Notes - Jeremy

<Regex>

This header is part of the text processing library.

std::basic_regex

Defined in header <regex>

template<
  class CharT,
  class Traits = std::regex_traits<CharT>
> class basic_regex;

The class template basic_regex provides a general framework for holding regular expressions. Several typedefs for common character types are provided:

Type	Definition
std::regex	std::basic_regex
std::wregex	std::basic_regex<wchar_t>

Member types

Member type	Definition
value_type	CharT
traits_type	Traits
string_type	Traits::string_type
locale_type	Traits::locale_type
flag_type	std::regex_constants::syntax_option_type

Member functions

Function	Definition
(constructor)	constructs the regex object
(destructor)	destructs the regex object
operator=	assigns the contents
assign	assigns the contents
mark_count	returns the number of marked sub-expressions within the regular expression
flags	returns the syntax flags
getloc	get locale information
imbue	set locale information
swap	swaps the contents

Constants

Grammar option	Effect(s)
ECMAScript	Use the Modified ECMAScript regular expression grammar.
basic	Use the basic POSIX regular expression grammar (grammar documentation).
extended	Use the extended POSIX regular expression grammar (grammar documentation).
awk	Use the regular expression grammar used by the awk utility in POSIX (grammar documentation).
grep	Use the regular expression grammar used by the grep utility in POSIX. This is effectively the same as the basic option with the addition of newline ‘\n’ as an alternation separator.
egrep	Use the regular expression grammar used by the grep utility, with the -E option, in POSIX. This is effectively the same as the extended option with the addition of newline ‘\n’ as an alternation separator in addition to ’ \| '.
Grammar variation	Effect(s)
-----------------	---------------------------------------------------------------------------------------------------------------------------------------------------------------------------------------------------------------
icase	Character matching should be performed without regard to case.
nosubs	When performing matches, all marked sub-expressions (expr) are treated as non-marking sub-expressions (?:expr). No matches are stored in the supplied std::regex_match structure and mark_count() is zero.
optimize	Instructs the regular expression engine to make matching faster, with the potential cost of making construction slower. For example, this might mean converting a non-deterministic FSA to a deterministic FSA.
collate	Character ranges of the form “[a-b]” will be locale sensitive.
multiline (c++17)	Specifies that ^ shall match the beginning of a line and $ shall match the end of a line, if the ECMAScript engine is selected.

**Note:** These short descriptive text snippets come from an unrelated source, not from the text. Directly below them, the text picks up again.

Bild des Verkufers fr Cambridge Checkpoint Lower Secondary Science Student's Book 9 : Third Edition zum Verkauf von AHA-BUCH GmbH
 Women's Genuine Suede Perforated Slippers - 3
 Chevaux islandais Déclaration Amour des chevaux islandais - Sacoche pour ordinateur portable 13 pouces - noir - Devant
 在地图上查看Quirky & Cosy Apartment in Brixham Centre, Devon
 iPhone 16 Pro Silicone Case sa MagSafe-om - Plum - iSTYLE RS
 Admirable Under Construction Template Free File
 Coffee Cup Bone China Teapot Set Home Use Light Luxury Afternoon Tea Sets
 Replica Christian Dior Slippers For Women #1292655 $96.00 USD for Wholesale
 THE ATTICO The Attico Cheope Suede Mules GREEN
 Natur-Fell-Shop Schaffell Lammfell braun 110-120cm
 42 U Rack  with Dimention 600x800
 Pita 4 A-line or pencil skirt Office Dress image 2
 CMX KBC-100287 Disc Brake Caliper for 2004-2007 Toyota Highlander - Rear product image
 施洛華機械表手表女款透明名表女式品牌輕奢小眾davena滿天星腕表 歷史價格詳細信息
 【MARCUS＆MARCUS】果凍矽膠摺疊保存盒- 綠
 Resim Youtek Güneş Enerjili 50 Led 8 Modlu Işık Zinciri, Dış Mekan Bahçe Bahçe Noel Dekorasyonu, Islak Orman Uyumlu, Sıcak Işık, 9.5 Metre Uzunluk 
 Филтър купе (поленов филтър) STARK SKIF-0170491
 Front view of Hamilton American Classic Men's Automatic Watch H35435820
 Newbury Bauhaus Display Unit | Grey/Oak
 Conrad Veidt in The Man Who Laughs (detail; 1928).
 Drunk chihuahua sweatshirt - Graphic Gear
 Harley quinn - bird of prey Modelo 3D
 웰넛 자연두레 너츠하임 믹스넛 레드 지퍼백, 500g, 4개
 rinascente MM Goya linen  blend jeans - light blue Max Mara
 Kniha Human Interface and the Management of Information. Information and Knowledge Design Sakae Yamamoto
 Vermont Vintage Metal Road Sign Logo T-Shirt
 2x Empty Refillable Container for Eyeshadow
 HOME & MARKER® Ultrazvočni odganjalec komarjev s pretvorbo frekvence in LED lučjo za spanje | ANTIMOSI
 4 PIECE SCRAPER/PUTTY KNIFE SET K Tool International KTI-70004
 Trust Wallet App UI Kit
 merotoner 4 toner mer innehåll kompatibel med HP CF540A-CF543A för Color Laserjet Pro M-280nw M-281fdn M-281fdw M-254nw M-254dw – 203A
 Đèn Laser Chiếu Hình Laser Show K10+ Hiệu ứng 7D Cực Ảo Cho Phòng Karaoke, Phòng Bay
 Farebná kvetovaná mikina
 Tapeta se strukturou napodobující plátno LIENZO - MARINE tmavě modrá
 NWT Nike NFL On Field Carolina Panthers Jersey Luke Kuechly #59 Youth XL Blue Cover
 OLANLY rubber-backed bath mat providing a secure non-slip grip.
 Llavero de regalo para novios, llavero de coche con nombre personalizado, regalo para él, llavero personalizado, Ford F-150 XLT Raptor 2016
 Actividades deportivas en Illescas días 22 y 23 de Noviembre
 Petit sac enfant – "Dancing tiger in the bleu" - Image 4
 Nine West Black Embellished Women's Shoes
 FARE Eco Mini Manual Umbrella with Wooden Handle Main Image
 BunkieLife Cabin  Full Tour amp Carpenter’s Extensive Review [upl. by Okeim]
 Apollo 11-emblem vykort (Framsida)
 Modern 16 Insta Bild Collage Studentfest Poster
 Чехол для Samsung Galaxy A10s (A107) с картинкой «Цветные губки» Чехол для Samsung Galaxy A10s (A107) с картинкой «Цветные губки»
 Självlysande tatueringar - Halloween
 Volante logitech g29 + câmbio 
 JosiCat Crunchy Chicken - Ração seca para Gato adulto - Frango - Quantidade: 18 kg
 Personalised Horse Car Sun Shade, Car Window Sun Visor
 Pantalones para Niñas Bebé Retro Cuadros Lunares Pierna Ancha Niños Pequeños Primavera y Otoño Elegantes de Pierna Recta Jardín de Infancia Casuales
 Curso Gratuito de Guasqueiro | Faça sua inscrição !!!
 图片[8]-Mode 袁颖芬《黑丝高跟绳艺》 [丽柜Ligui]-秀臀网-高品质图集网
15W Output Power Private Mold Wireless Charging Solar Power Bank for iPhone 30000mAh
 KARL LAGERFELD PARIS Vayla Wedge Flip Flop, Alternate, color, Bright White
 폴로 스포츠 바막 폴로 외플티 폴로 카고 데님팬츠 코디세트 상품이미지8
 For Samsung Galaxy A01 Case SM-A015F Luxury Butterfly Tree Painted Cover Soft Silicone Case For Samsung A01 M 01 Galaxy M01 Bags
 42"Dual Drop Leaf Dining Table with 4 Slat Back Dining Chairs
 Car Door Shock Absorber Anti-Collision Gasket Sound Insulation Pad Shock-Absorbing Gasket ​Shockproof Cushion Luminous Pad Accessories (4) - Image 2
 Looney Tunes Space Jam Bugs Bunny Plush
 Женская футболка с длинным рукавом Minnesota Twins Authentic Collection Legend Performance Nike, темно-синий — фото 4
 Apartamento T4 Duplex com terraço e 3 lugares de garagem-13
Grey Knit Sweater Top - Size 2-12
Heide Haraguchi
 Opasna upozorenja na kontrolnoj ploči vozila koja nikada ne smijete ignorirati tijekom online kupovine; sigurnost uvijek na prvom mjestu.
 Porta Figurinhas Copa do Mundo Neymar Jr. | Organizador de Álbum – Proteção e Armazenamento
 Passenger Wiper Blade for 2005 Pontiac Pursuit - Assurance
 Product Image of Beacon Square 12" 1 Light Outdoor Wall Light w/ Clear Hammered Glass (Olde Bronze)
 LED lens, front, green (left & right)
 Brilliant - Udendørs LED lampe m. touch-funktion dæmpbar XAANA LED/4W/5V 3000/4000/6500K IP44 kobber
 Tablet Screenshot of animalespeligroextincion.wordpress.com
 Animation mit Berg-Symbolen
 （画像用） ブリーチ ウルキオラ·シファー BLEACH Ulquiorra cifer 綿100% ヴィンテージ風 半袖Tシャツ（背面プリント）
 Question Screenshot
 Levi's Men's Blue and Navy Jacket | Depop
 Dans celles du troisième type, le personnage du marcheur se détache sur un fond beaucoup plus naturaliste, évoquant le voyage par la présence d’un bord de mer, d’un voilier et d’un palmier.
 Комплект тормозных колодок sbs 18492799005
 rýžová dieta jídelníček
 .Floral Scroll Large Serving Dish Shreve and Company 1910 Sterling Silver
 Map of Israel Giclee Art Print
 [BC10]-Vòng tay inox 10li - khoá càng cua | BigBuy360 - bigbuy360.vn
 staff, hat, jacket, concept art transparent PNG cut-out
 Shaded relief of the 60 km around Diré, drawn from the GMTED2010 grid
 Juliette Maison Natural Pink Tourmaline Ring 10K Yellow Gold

At most one grammar option can be chosen out of ECMAScript, basic, extended, awk, grep, egrep. If no grammar is chosen, ECMAScript is assumed to be selected. The other options serve as variations, such that

std::regex("meow", std::regex:icase) is equivalent to std::regex("meow", std::regex::ECMAScript|std::regex::icase)

The member constants in basic_regex are duplicates of the syntax_option_type constants defined in the namespace std::regex_constants.

Non-member functions

Function	Definition
std::swap(std::basic_regex) (c++11)	specializes the std::swap algorithm

Dedution guides(since c++17)

// Since C++17
template< class ForwardIt >
basic_regex( ForwardIt, ForwardIt,
             std::regex_constants::syntax_option_type = std::regex_constants::ECMAScript )
-> basic_regex<typename std::iterator_traits<ForwardIt>::value_type>;

Example:

#include <regex>
#include <vector>

int main() {
  std::vector<char> v = {'a', 'b', 'c'};
  std::basic_regex re(v.begin(), v.end()); //uses explicit deduction guide
}

std::sub_match

// since c++11
template< class BidirIt >
class sub_match;

The class template std::sub_match is used by the regular expression engine to denote sequences of characters matched by marked sub-expressions. A match is a [begin, end) pair within the target range matched by the regular expression, but with additional observer functions to enhance code clarity.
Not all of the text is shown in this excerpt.